Char Davies: how the physical can trigger the emotional with technology


Char Davies' article gave me some great ideas for ways to expand my project if I ever had the skills or the tools or the budget.

She says that virtual reality is a place where "our minds may float among three-dimensionally extended yet virtual forms in a paradoxical combination of the ephemerally immaterial with what is perceived and bodily felt to be real."

With my project focusing on memories, decisions, and fictional stories, I picture the way people make connections in their brain. I kind of see it as an "osmose", not of worlds, but of snapshots and home movies in your mind. It's kind of like what Davies says, how it seems to be so real when you think deeply about it, but the memory isn't real and can change every time you think back to it.

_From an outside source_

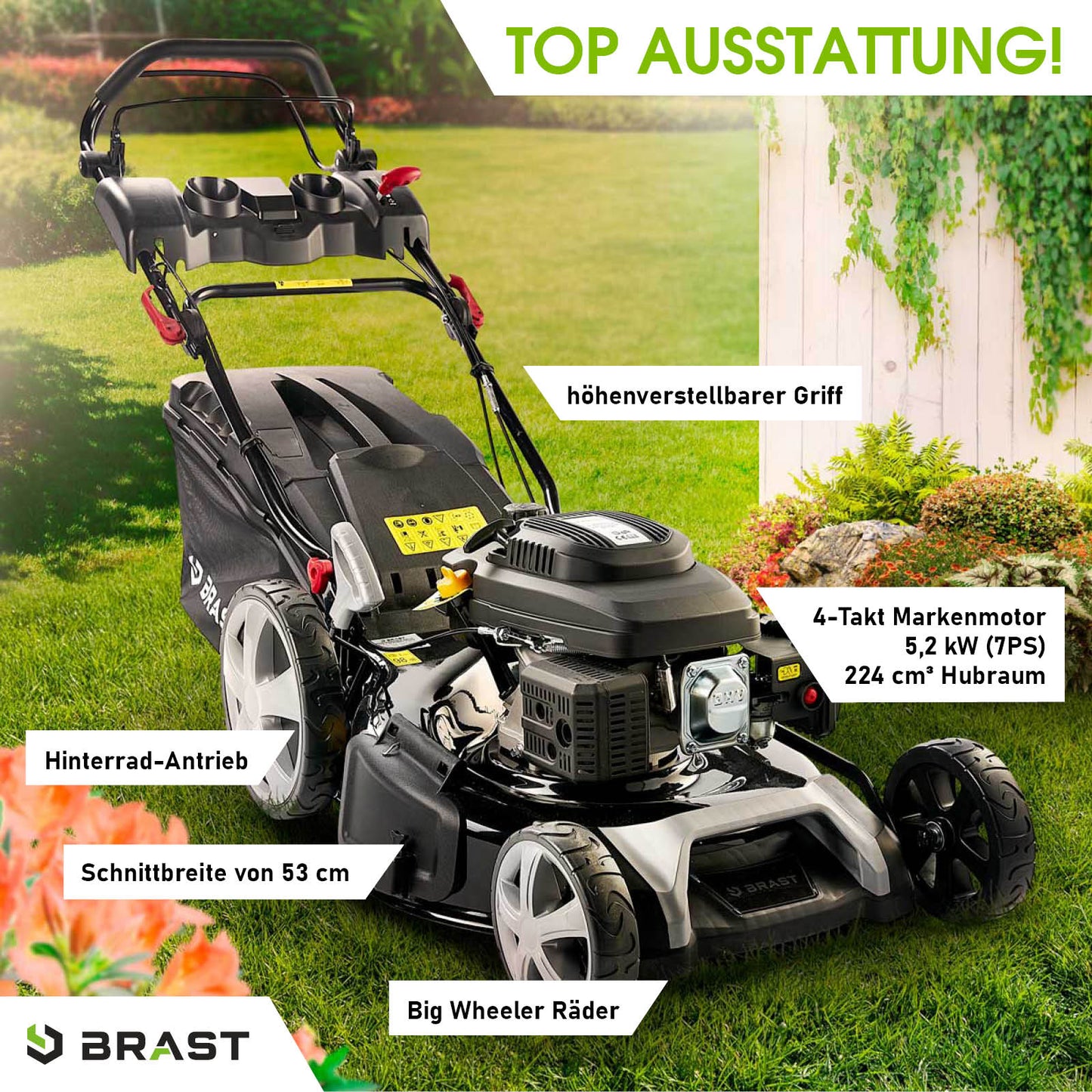 BRAST Benzin Rasenmäher 21224 POWER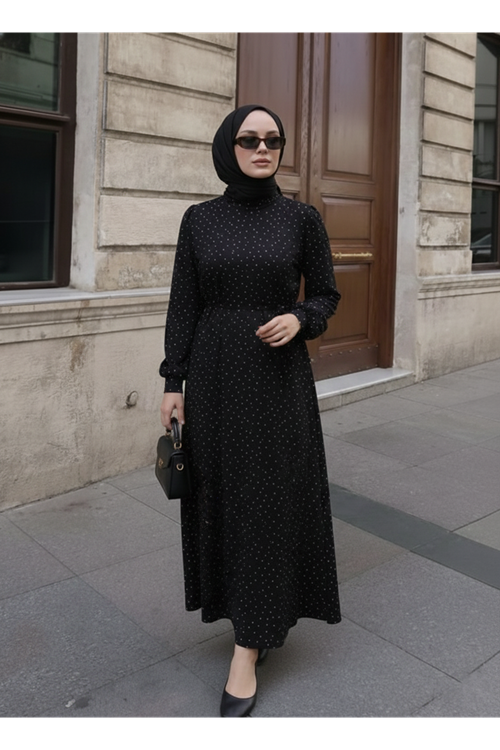 Taşlı Elbise-Siyah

If I could make a virtual reality version of my project the viewer would slowly move through white fog uncovering black and white pieces of a past. After a certain amount of time there would be two paths and the body would lean one way or another to choose a direction, showing that it's not all about how you think and compare options, but sometimes just a physical gut feeling. At that point there would be less fog and photos/videos would appear quicker in a more forced way and some color would begin to appear, showing that the specific path you chose is taking it's form in reality and you can't go back. Man, if only I had the equipment.

It is such an awesome thing to think about, because it is not just interactive, but immersive. In our pieces the audience is engaged in the art, but with Osmose the audience is IN the piece.


I like her idea of "dehabituating of perception" and that someone will be receptive to new things rather than defensive. I think that works because of her emphasis that virtual reality needs to have an environment different in some way from our real one. It would be interesting to see if the same effect of tranquility and loss of inhibition from Osmose came over people if the simulation was an exact copy of a a busy city avenue, or if it had to be that same street but without people, or without color, or some other alteration of reality.

Something else I thought about was that if this experience based on the physical movement of the body alters the mental and emotional, can something where the mind leads the experience then make the body act in a certain way?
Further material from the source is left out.